WORK INSTRUCTION:
Find the line with "Palaeolama Extinct Camelid". Repeat it and each line after it, exactly, down to the end of the records below.
### DATA RECORDS
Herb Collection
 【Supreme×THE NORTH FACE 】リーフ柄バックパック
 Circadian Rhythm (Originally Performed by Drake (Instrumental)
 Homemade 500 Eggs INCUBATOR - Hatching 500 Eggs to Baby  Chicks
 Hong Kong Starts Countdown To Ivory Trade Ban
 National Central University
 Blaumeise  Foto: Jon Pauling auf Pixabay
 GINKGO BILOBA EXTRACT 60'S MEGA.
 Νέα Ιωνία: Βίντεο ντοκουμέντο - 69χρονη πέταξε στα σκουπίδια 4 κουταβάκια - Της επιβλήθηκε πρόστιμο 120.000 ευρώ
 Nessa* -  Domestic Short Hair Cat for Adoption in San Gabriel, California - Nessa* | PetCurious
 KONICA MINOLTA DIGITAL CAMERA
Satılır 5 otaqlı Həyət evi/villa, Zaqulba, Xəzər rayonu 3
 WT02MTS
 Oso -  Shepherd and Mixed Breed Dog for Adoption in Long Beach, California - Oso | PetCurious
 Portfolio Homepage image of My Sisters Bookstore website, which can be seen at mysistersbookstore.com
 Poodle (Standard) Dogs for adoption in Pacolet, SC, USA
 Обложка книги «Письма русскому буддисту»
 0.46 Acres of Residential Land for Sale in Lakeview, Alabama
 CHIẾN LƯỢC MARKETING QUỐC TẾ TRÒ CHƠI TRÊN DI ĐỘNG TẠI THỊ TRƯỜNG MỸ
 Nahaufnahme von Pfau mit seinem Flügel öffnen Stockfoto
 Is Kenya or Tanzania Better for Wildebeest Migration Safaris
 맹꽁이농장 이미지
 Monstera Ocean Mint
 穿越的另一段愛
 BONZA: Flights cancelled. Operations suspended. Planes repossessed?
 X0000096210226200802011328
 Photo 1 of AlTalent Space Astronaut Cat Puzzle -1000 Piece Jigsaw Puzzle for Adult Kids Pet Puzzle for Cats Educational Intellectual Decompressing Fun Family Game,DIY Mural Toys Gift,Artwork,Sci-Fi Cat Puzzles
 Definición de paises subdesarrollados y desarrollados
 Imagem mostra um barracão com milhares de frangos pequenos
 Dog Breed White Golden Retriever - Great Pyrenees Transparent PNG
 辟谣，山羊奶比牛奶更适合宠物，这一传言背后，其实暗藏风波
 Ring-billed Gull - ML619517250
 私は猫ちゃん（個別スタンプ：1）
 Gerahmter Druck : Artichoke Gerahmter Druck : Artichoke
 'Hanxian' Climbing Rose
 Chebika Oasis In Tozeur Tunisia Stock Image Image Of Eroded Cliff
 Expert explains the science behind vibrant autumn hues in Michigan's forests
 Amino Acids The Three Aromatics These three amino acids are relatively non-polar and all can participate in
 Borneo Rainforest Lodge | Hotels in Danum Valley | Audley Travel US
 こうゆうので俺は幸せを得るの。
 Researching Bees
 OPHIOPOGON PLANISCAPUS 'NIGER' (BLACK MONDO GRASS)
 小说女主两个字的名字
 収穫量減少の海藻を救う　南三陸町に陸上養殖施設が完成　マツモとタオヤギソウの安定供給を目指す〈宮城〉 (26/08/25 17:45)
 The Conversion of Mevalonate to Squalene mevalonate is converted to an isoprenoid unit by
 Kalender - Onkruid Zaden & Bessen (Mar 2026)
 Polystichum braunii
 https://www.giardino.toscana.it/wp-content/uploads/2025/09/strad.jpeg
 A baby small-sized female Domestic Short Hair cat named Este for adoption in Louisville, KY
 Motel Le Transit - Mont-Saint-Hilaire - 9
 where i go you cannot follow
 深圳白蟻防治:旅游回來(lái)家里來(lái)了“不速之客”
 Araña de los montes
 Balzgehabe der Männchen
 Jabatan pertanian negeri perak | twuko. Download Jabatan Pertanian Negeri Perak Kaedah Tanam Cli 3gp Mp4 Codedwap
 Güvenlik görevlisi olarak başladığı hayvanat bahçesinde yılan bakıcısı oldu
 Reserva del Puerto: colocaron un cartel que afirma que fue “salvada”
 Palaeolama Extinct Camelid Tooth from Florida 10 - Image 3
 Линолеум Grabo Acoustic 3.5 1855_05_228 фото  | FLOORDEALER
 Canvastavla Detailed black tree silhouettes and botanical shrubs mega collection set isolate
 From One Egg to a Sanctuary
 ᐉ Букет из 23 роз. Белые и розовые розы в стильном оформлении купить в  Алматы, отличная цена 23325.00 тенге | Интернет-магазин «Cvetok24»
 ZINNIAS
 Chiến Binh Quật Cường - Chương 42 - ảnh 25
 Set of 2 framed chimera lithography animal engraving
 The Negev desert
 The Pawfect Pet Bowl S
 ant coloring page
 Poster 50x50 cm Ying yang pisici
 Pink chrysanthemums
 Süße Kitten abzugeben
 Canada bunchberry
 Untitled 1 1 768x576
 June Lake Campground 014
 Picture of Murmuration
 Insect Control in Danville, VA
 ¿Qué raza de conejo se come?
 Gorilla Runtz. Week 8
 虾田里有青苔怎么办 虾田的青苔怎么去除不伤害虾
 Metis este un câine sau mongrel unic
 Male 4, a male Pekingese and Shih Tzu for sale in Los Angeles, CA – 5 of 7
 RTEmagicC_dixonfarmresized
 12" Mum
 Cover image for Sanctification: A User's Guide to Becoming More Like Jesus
######
EXERCISE RESPONSE:
 Palaeolama Extinct Camelid Tooth from Florida 10 - Image 3
 Линолеум Grabo Acoustic 3.5 1855_05_228 фото  | FLOORDEALER
 Canvastavla Detailed black tree silhouettes and botanical shrubs mega collection set isolate
 From One Egg to a Sanctuary
 ᐉ Букет из 23 роз. Белые и розовые розы в стильном оформлении купить в  Алматы, отличная цена 23325.00 тенге | Интернет-магазин «Cvetok24»
 ZINNIAS
 Chiến Binh Quật Cường - Chương 42 - ảnh 25
 Set of 2 framed chimera lithography animal engraving
 The Negev desert
 The Pawfect Pet Bowl S
 ant coloring page
 Poster 50x50 cm Ying yang pisici
 Pink chrysanthemums
 Süße Kitten abzugeben
 Canada bunchberry
 Untitled 1 1 768x576
 June Lake Campground 014
 Picture of Murmuration
 Insect Control in Danville, VA
 ¿Qué raza de conejo se come?
 Gorilla Runtz. Week 8
 虾田里有青苔怎么办 虾田的青苔怎么去除不伤害虾
 Metis este un câine sau mongrel unic
 Male 4, a male Pekingese and Shih Tzu for sale in Los Angeles, CA – 5 of 7
 RTEmagicC_dixonfarmresized
 12" Mum
 Cover image for Sanctification: A User's Guide to Becoming More Like Jesus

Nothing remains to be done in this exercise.